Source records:
◇ ◇ ◇ ◇ ◇ ◇ ◇

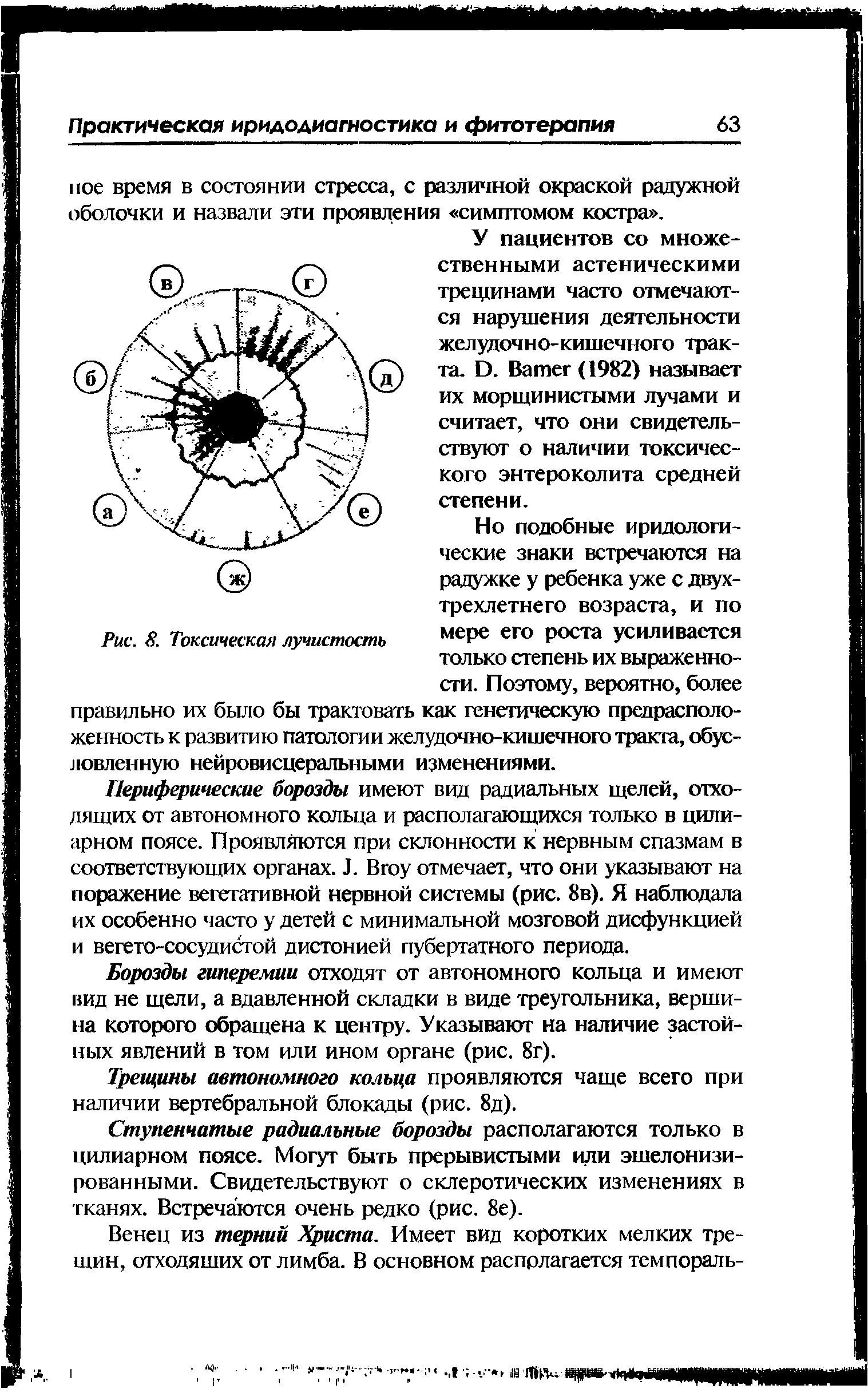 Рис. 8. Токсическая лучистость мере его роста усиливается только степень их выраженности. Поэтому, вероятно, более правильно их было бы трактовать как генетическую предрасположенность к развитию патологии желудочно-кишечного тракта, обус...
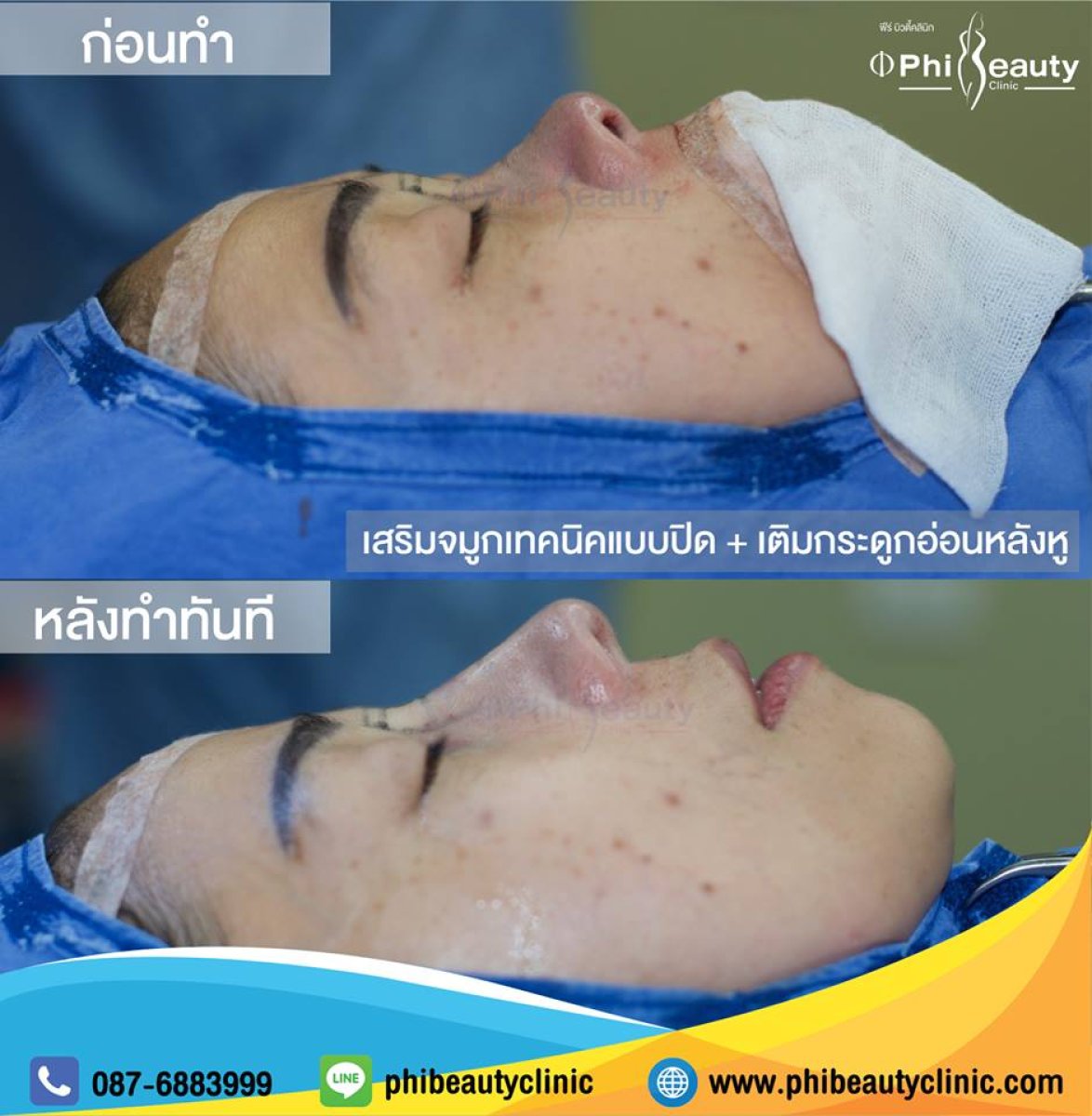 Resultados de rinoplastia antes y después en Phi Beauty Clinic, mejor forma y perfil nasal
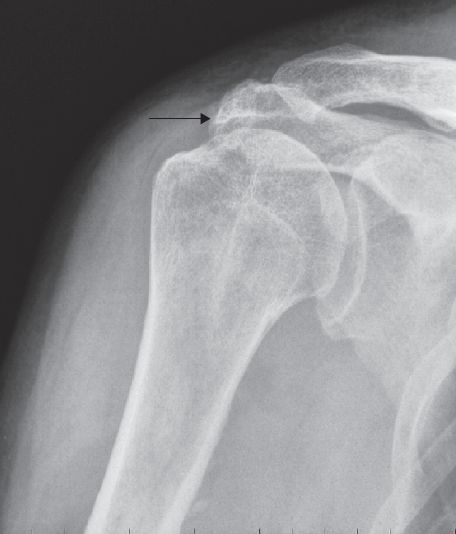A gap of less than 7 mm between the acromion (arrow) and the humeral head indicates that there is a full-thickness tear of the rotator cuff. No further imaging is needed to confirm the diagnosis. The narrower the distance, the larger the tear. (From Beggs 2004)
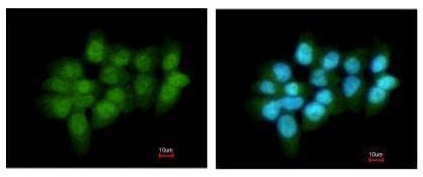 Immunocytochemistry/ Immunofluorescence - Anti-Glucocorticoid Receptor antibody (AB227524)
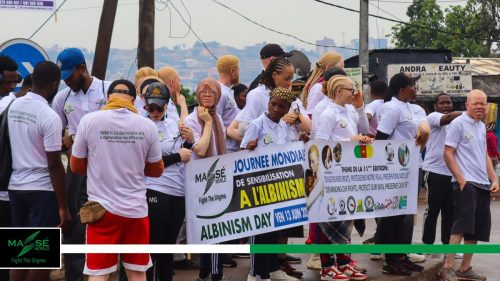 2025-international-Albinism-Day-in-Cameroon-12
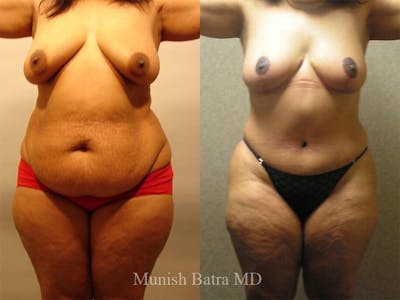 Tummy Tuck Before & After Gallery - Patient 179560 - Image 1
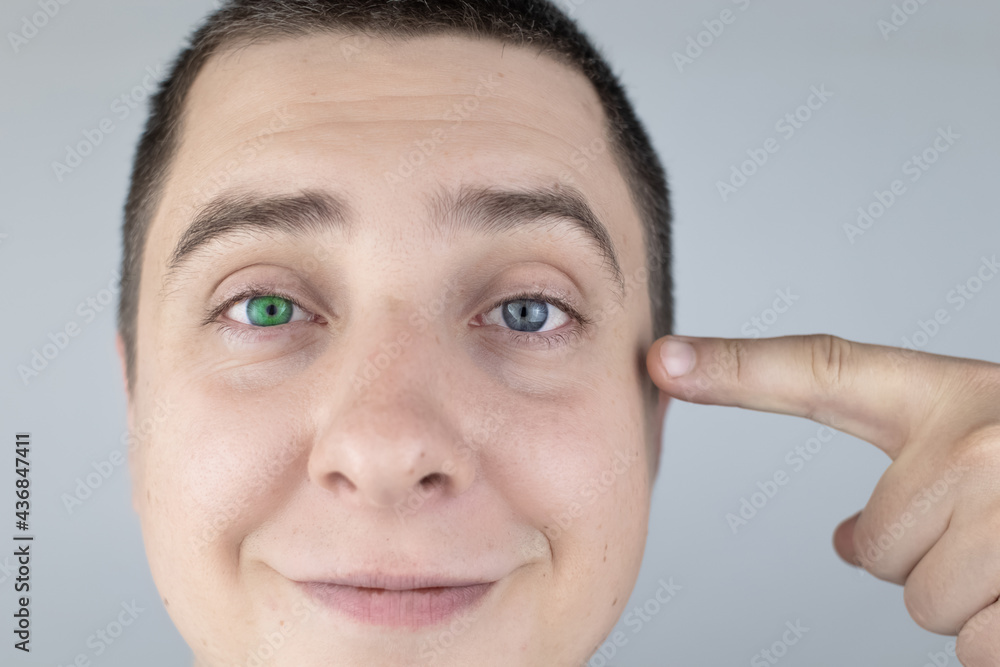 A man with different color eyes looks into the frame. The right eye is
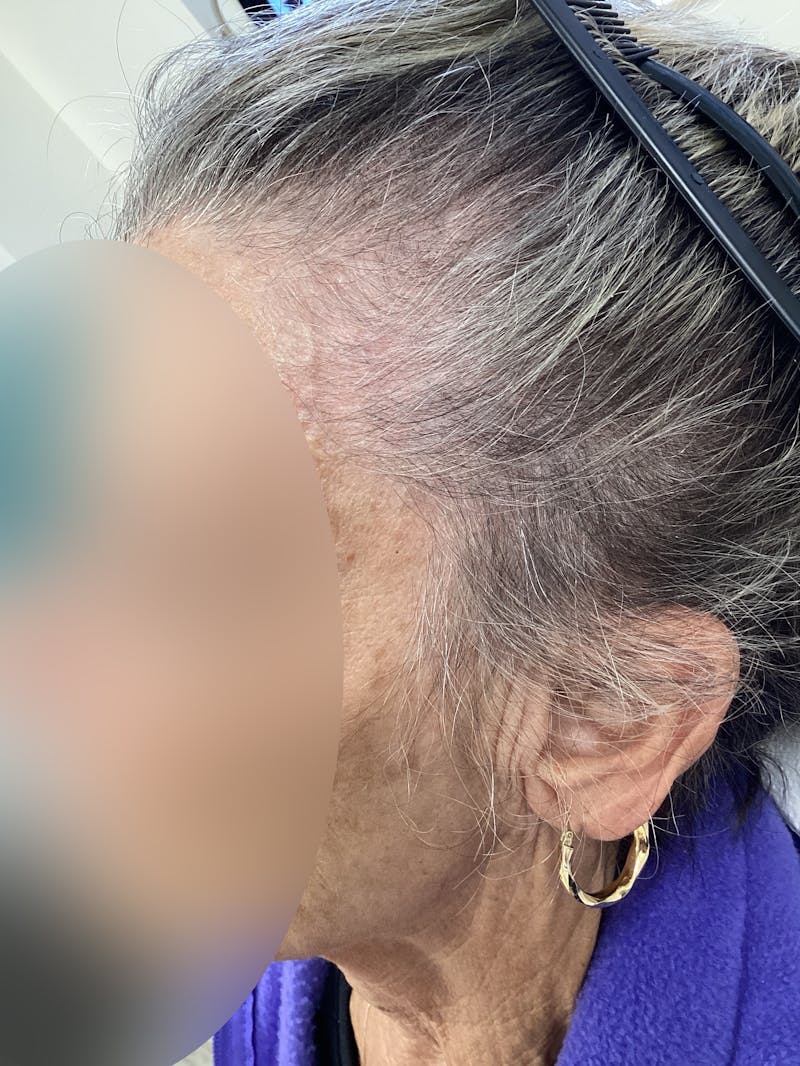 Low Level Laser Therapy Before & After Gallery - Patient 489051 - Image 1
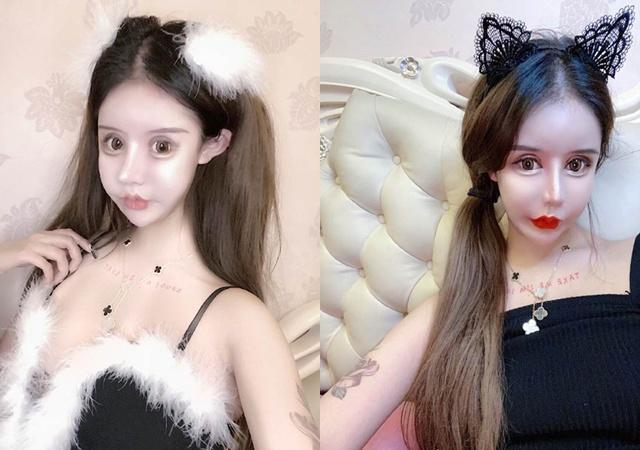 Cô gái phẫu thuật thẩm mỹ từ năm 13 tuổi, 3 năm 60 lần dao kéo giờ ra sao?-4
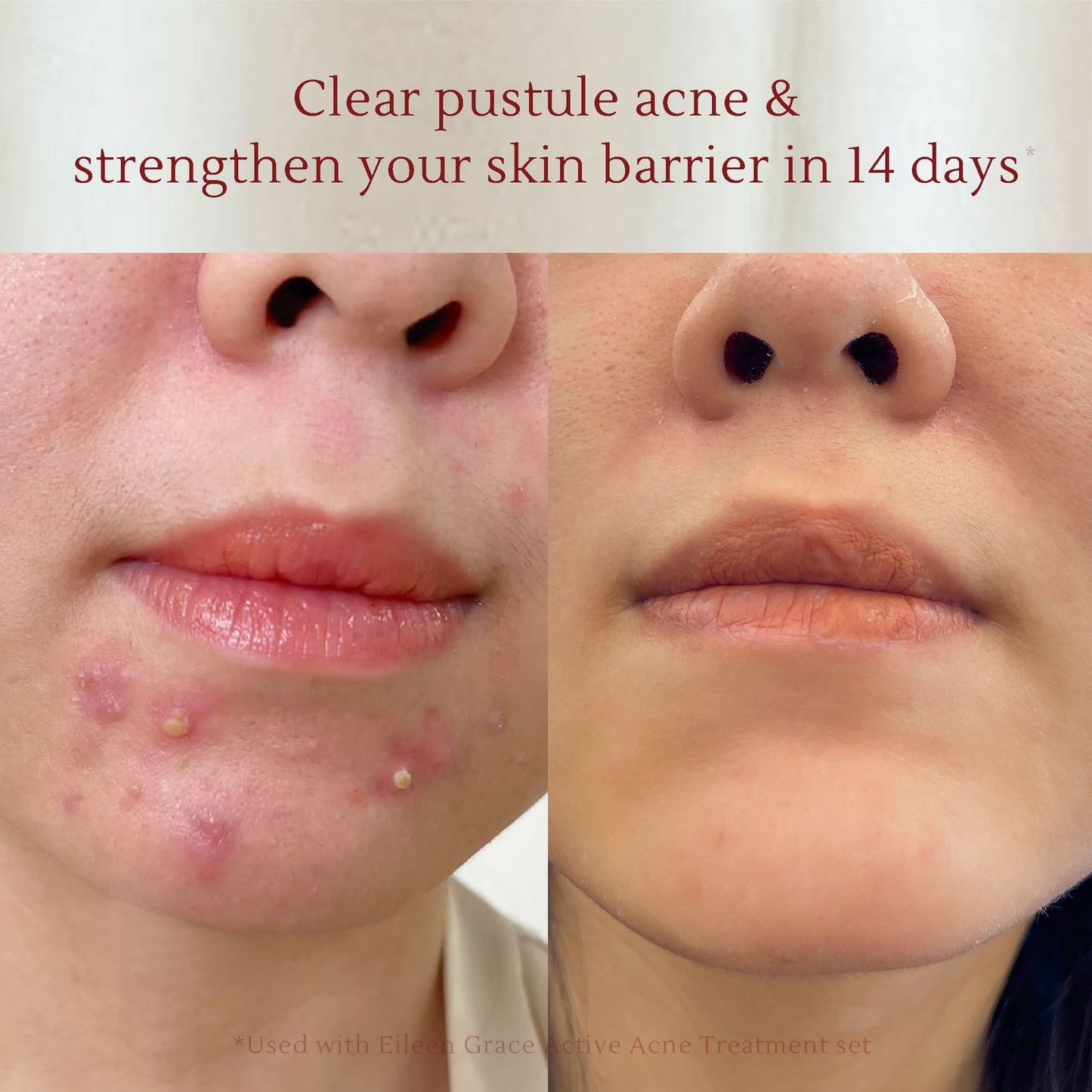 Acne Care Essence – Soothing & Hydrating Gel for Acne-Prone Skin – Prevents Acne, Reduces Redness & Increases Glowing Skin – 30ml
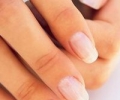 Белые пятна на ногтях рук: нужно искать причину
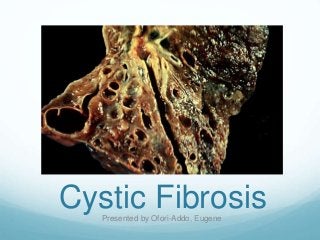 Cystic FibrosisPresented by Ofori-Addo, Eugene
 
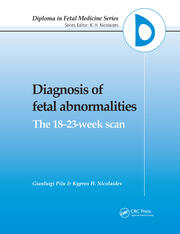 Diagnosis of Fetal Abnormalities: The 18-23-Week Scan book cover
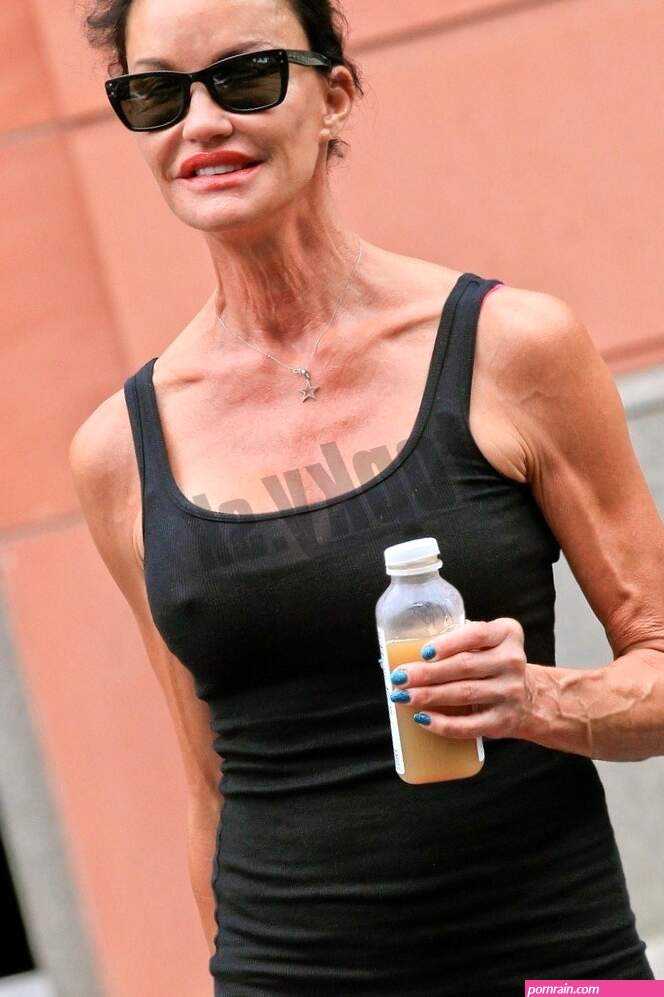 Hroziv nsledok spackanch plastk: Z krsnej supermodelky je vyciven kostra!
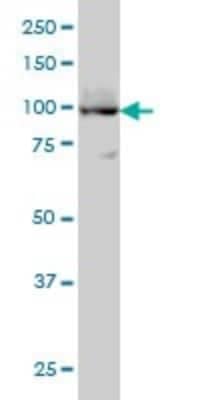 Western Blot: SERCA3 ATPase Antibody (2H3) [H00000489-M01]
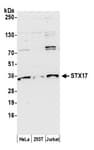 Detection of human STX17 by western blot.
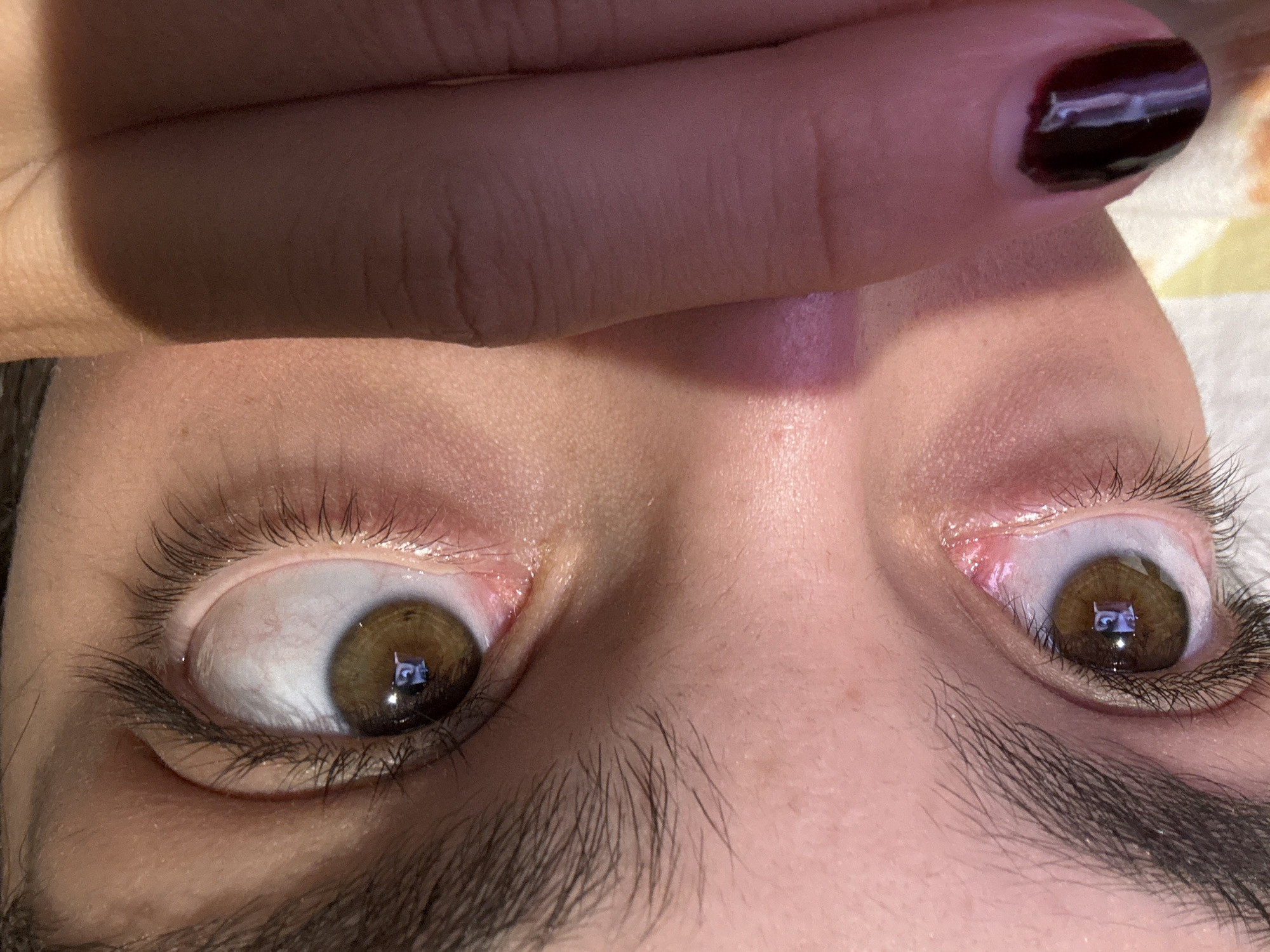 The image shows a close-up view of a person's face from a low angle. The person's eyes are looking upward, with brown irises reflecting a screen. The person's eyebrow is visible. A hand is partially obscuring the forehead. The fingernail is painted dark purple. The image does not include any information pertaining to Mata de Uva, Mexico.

◇ ◇ ◇ ◇ ◇ ◇ ◇

## Exercise
The line with "Cô gái phẫu" and each line after it, through the final line of the data, are to be duplicated exactly, with pictures left out and nothing more included.

## Answer box
 Cô gái phẫu thuật thẩm mỹ từ năm 13 tuổi, 3 năm 60 lần dao kéo giờ ra sao?-4
 Acne Care Essence – Soothing & Hydrating Gel for Acne-Prone Skin – Prevents Acne, Reduces Redness & Increases Glowing Skin – 30ml
 Белые пятна на ногтях рук: нужно искать причину
 Cystic FibrosisPresented by Ofori-Addo, Eugene
 
 Diagnosis of Fetal Abnormalities: The 18-23-Week Scan book cover
 Hroziv nsledok spackanch plastk: Z krsnej supermodelky je vyciven kostra!
 Western Blot: SERCA3 ATPase Antibody (2H3) [H00000489-M01]
 Detection of human STX17 by western blot.
 The image shows a close-up view of a person's face from a low angle. The person's eyes are looking upward, with brown irises reflecting a screen. The person's eyebrow is visible. A hand is partially obscuring the forehead. The fingernail is painted dark purple. The image does not include any information pertaining to Mata de Uva, Mexico.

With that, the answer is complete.